Mad Men has been a critical darling almost since its premiere, and Emmy named it top drama four years in a row before Homeland finally supplanted it last year. Mad Men never has garnered a big audience by television standards, but after the series was sold to Netflix in 2011 in a deal estimated to be worth between $70 million and $100 million, its season five premiere in 2012 jumped 41% to 3.5 million viewers, a series high. (Showing there can be a ceiling, for season six’s two-hour premiere April 7, viewership slipped just a bit to 3.4 million.)

FX prexy John Landgraf notes that while quality doesn’t guarantee survival, “it’s difficult to cancel” an acclaimed show.

“That critical acclaim accrues glory to your brand,” Landgraf says. “Even if it’s a small audience, it tends to be an important one on those elite shows.”

By contrast, Landgraf says when he was forced to cancel Terriers, a show that garnered tons of acclaim but few viewers, he couldn’t find any way to justify keeping it on the air. Like AMC’s Rubicon, also canceled after one season, Terriers didn’t become a watercooler kind of program.

“There was just a relentlessly downward trajectory of that show in the ratings,” he says. “No matter how I looked at it — in the live, live plus three, live plus seven, demos — it started weak, and the arrow pointed down all the way to the end. If at any point I felt like the people who clearly loved that show were successfully evangelizing it, I could have believed that it would have successfully built an audience over time, but I saw no information whatsoever that encouraged me.

“It’s difficult to stand up publicly and announce that something was a failure,” says Landgraf. “But you can’t make room for the next thing to bloom if you don’t acknowledge what’s happening and prune accordingly.”

One other factor: It helps a show if it’s cheap to begin with.

Comedies fall into this camp more than serialized dramas. FX’s Louie “puts up some pretty decent numbers when you look at its live-plus-seven ratings, but it’s not a numerical hit by FX standards,” says Landgraf. “It’s a solid mid-level player.”

“But when you consider who that audience is,” Landgraf adds, “in terms of people in the media and filmmakers and actors, it’s definitely people with whom we want to proselytize the FX brand. Louie is really, really inexpensive.

“The more money we invest in something, the quicker we’ll have to be on the trigger finger if it doesn’t work. The less money we spend, the more we can just let it rip.”

For all of the above reasons, broadcast networks are much quicker on the trigger finger — Do No Harm and Zero Hour, we barely knew ye — but broadcast series can benefit from great word-of-mouth and the ability to let viewers to catch up.

This season, Shonda Rhimes’ Scandal became a sleeper hit for ABC, tying CBS’ ratings monster NCIS as broadcast’s top-rated scripted drama among adults 18-49, and much of that was due to word-of-mouth. NBC’s Parenthood also attracts a small but loyal audience, and those who love it do so unabashedly. Lionsgate hopes that Nashville, which it produces for ABC, will benefit from that effect in season two.
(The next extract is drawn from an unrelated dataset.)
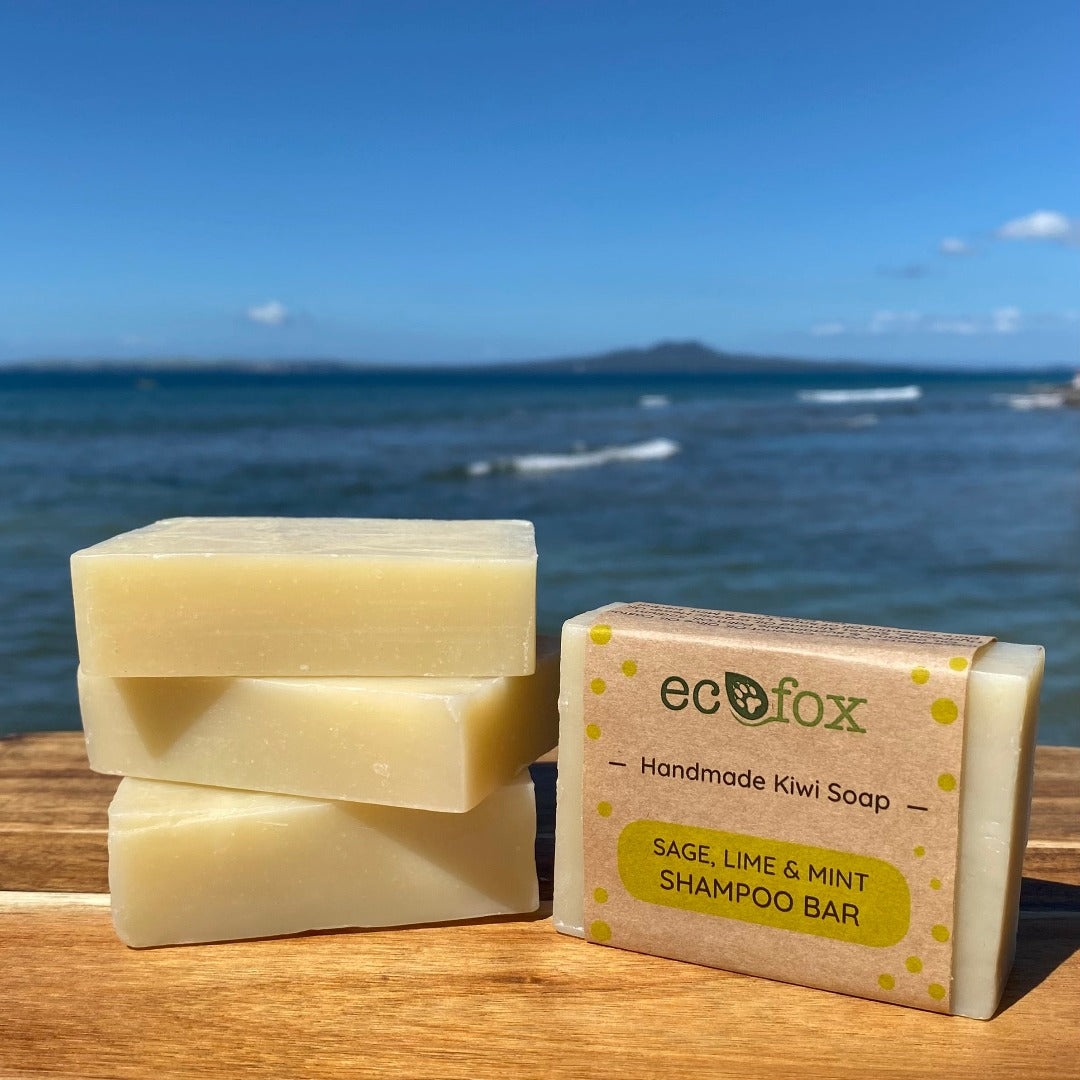 This nourishing detergent-free solid shampoo bar is rich in Castor Oil and Sweet Almond Oil for your hair's health and also incorporates pure organic Hemp oil.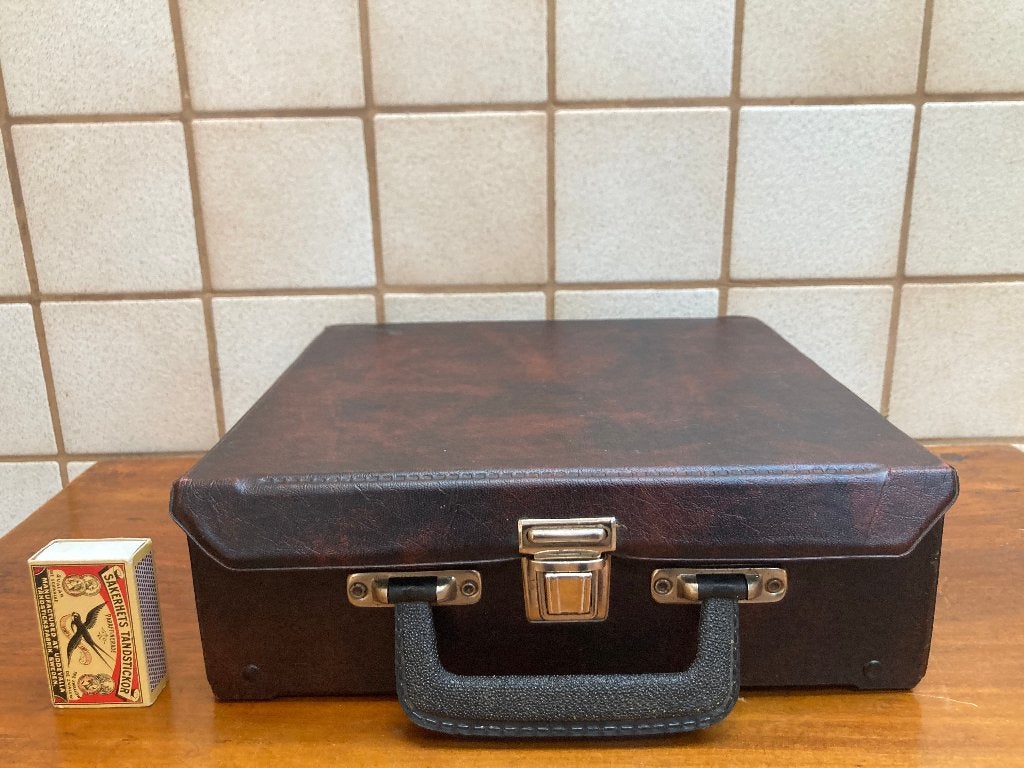 Vintage bruin retro bewaarkoffertje voor 24 cassettebandjes, Gebruikt, 2 t/m 25 bandjes, Ophalen of Verzenden, Pop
“This is a show that we think is ideally suited to this new paradigm,” says Beggs. “It’s a high-quality, serialized drama, and it has potential to be a massive success. We’re already very pleased with the success and sales of the show’s music. It all points in the right direction.”

Finally, a low-rated show’s chance of remaining on the air is inversely related to how much success that network is having. It’s far more risky, for example, to fall head over heels with a series that’s winning only middling ratings on CBS, than with a show that’s performing similarly anywhere else. The big viewership for The Walking Dead means that it might be hard for AMC to have the same amount of patience with its next Mad Men.

Says Landgraf: “It’s a fairly subtle art, deciding whether a first-season show that’s not lighting the world on fire eventually will.”